(Task requirements)
Transcribe exactly, leaving out pictures, the lines from the one that holds "Logroño acoge el" through the end of the data below, including both end lines and no others.

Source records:
--------

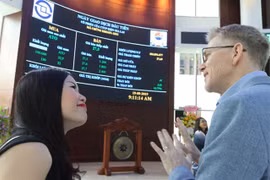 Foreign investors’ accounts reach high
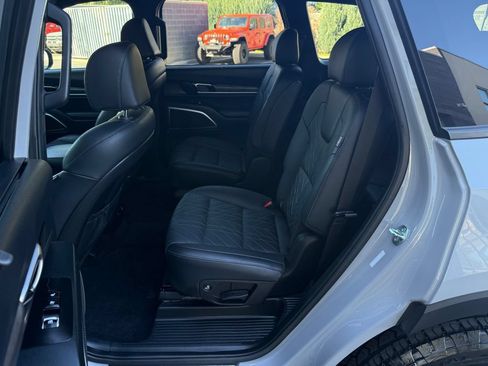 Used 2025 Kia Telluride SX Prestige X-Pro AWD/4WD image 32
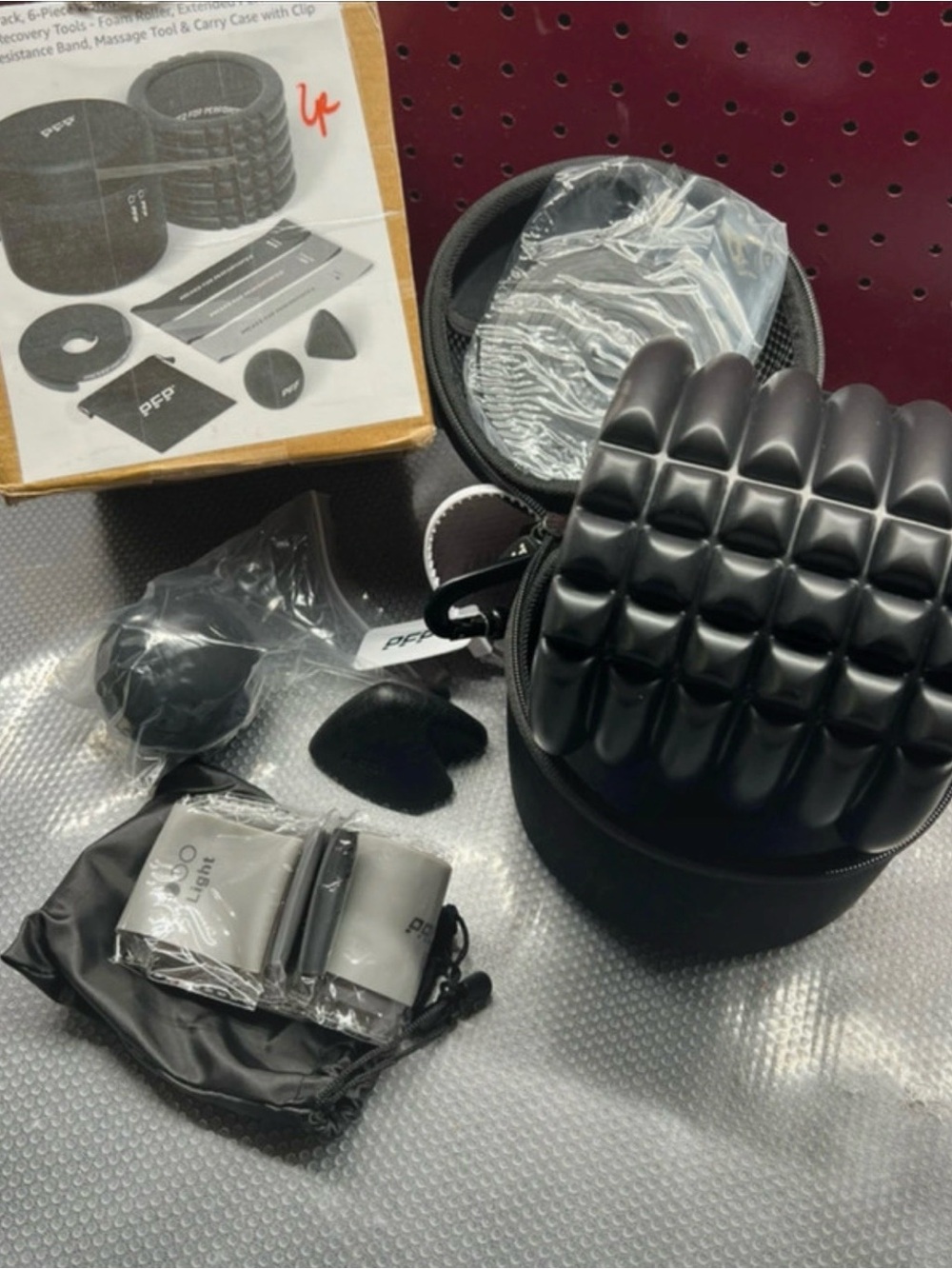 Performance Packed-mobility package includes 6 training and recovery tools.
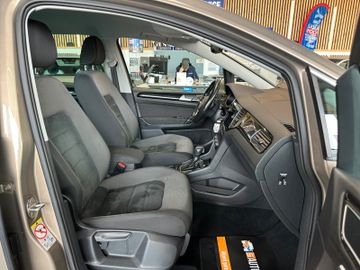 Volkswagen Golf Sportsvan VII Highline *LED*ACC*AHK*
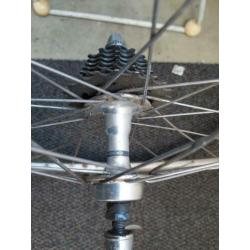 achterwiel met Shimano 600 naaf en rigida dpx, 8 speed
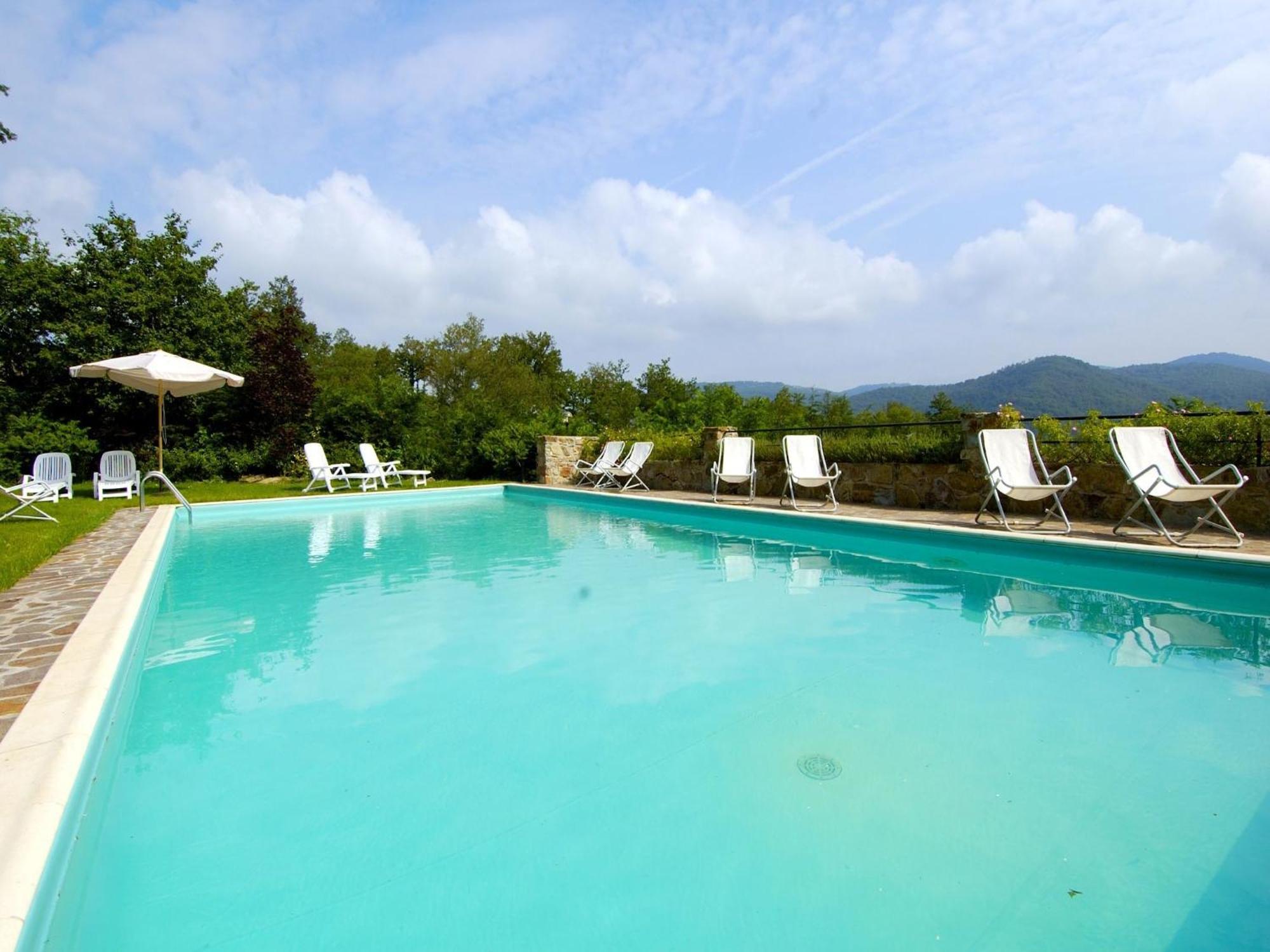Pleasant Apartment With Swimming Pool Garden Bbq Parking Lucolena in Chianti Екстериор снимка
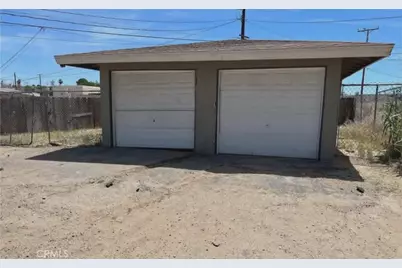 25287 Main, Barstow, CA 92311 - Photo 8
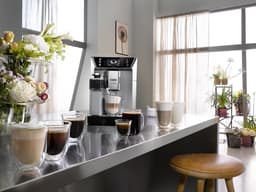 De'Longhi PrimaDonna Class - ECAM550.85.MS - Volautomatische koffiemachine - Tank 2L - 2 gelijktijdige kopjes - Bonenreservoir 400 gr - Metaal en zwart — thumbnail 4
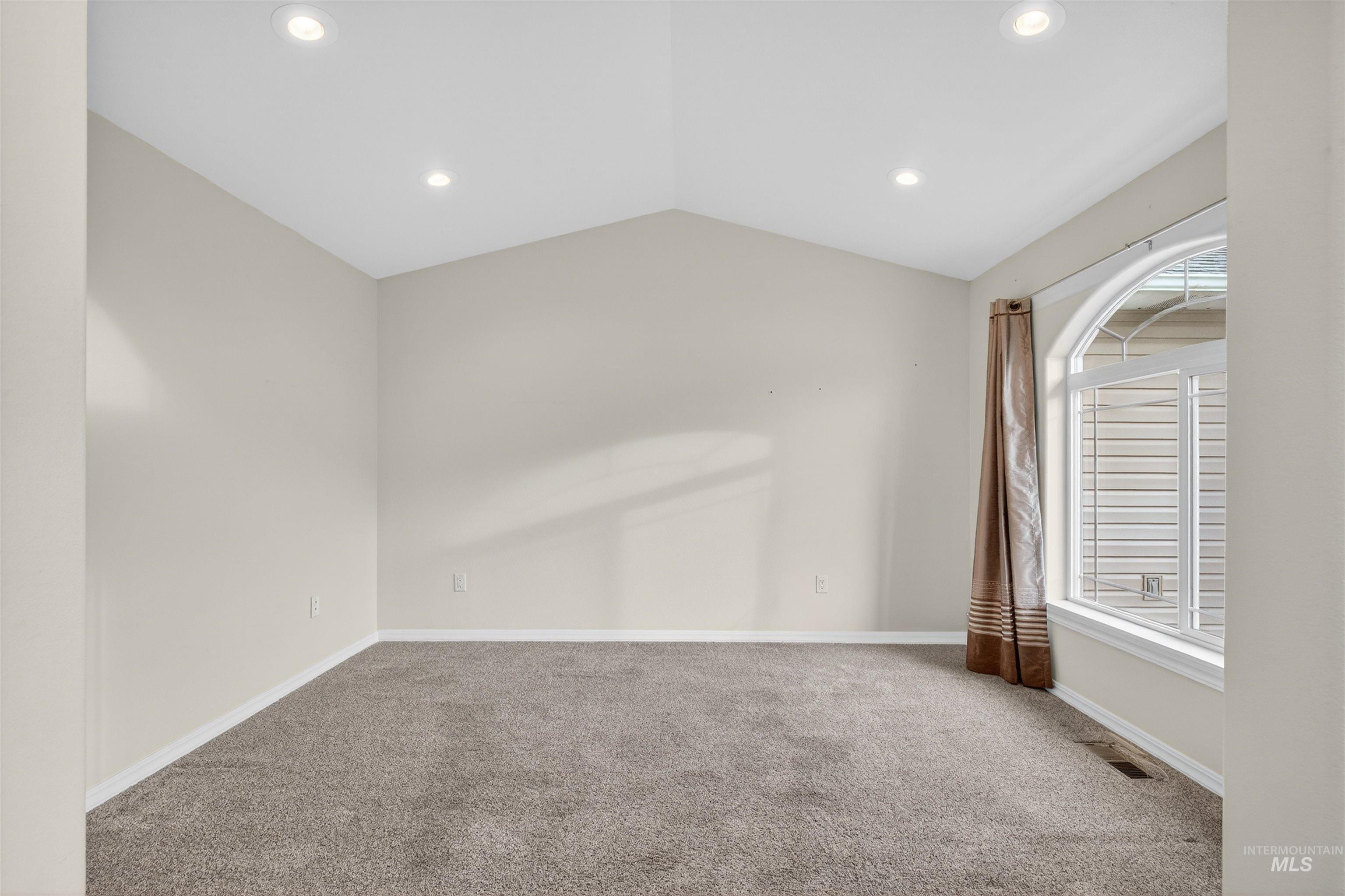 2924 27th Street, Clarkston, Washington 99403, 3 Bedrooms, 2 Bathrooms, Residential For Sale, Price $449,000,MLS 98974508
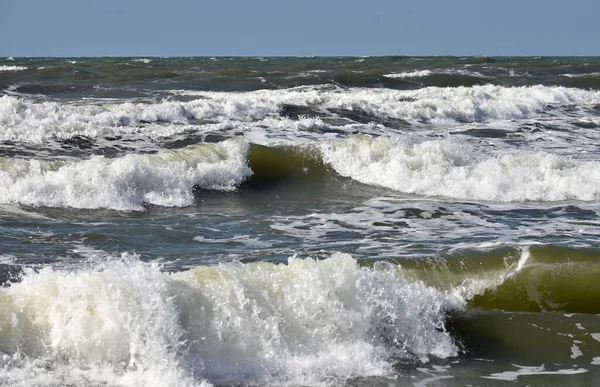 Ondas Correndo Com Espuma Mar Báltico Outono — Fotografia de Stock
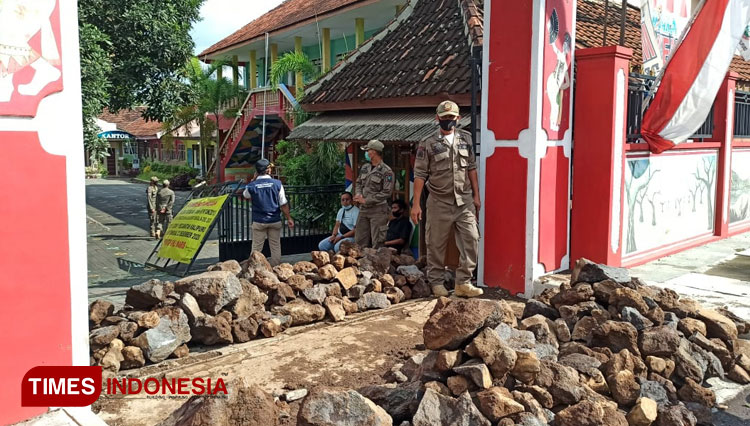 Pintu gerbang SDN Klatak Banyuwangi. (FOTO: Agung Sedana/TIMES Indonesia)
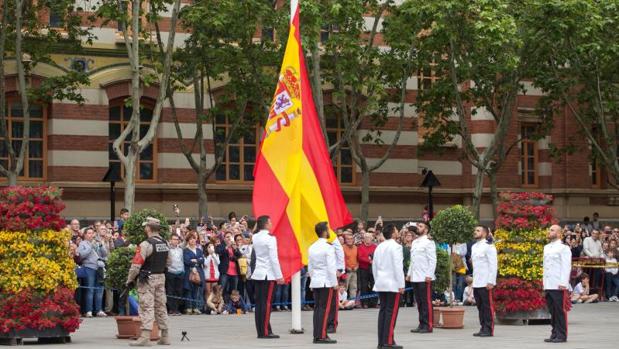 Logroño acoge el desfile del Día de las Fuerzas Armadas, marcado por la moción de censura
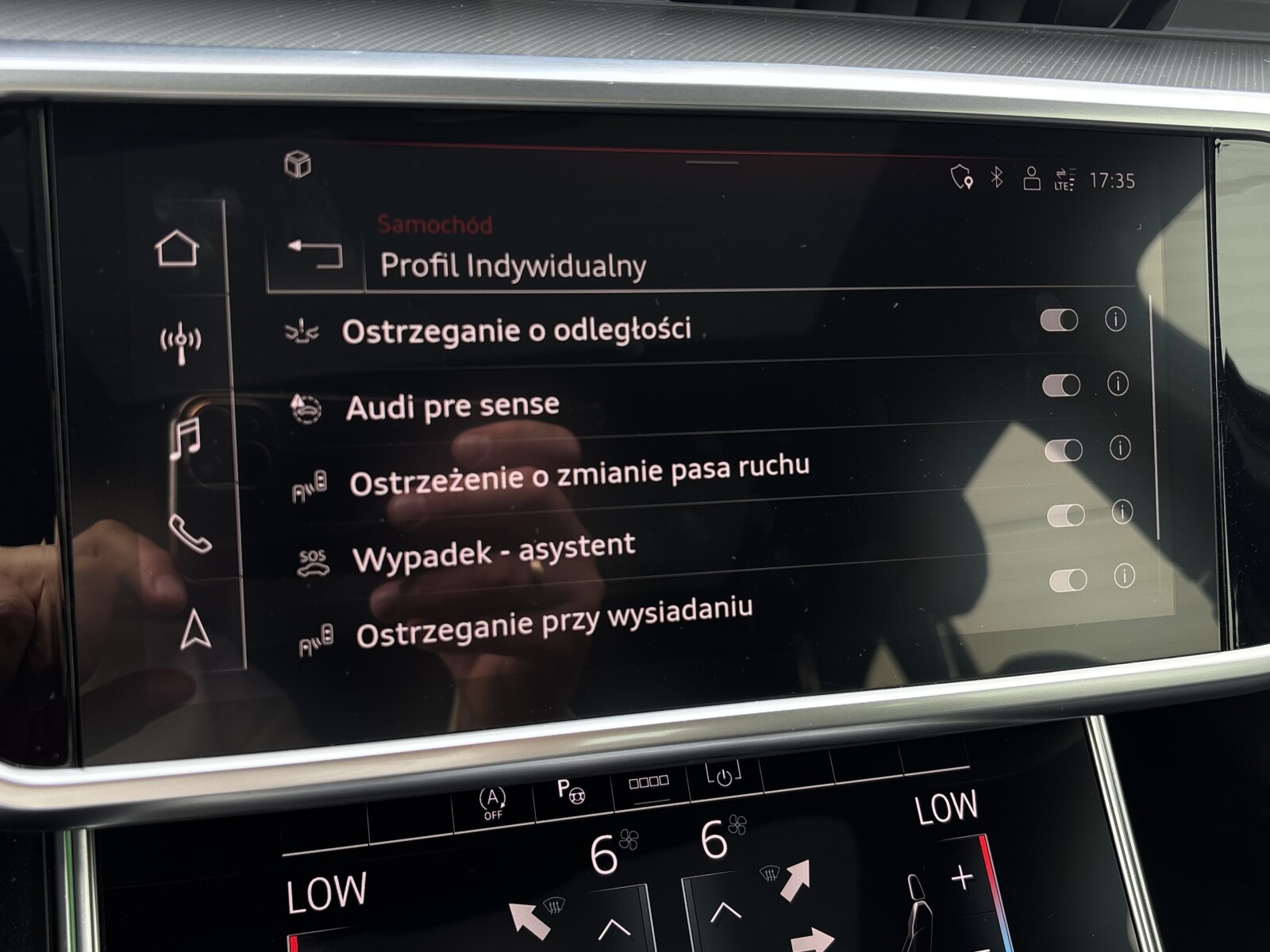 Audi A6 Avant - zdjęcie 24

--------

(Written solution)
 Logroño acoge el desfile del Día de las Fuerzas Armadas, marcado por la moción de censura
 Audi A6 Avant - zdjęcie 24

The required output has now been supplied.